OpenCode + LM Studio is the path I would put a friend on first, but it is not the only one.

pi.dev. A much newer, deliberately minimal coding harness from Mario Zechner (of libGDX fame). It ships with just four core tools (read, write, edit, bash) and a ~300-word system prompt; everything else is a TypeScript extension you opt into. Install with npm install -g @mariozechner/pi-coding-agent. It speaks the same OpenAI-compatible protocol, so the LM Studio side of this guide is identical; only the harness changes. Worth a look if OpenCode feels heavy for what you are doing, or if you like the idea of a tool that does exactly what you tell it and nothing more.
Ollama. The other obvious model runner. CLI-first, dead simple to script (ollama run qwen3.5:27b), and exposes the same OpenAI-compatible API on http://localhost:11434/v1. If you are someone who would rather configure things from a terminal than click through an app, swap LM Studio out for Ollama and the rest of this guide works unchanged. LM Studio’s edge is the GUI for browsing/quantizing models and the slightly better MLX integration; Ollama’s edge is being scriptable and headless.

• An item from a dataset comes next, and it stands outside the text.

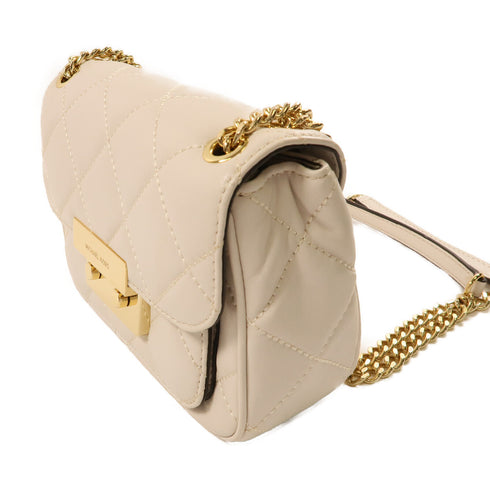 Michael Kors GHW Chain Shoulder Bag Calfskin Leather White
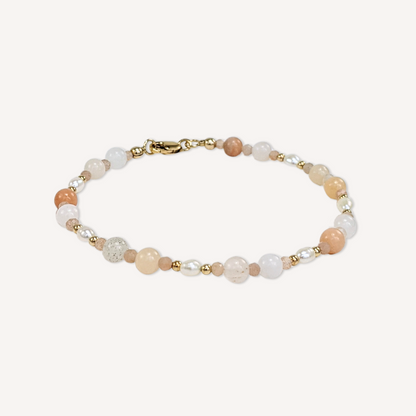 Pink aventurine and peach moonstone beads bracelet with natural white freshwater pearls and 14k gold-filled clasp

You can run both at the same time on different ports if you want to A/B them. They do not conflict.

Where to go from here

Once the basic loop is working, the interesting tweaks are:

Try a second model. Download a reasoning-heavy one (DeepSeek V3.2) alongside your daily driver and switch with /model when a task calls for it. The whole point of local is that swapping costs you nothing.
Wire up Claude Code as a third harness if you have an Anthropic key. Point it at the local LM Studio endpoint via a small proxy when you want its agent loop with an open model behind it. I covered the why of this in the previous post; the how is a 10-line LiteLLM config.
Move models off your boot drive. GGUF and MLX files are large. An external NVMe (the T9 is the one I use) keeps your internal SSD breathable and lets you carry a model library between machines.

That is the whole stack. Two installs, one config file, and a model download. The hardest part is picking which model to try first, and the honest answer there is start with Qwen 3.6 if you can fit it, 3.5 if you can’t.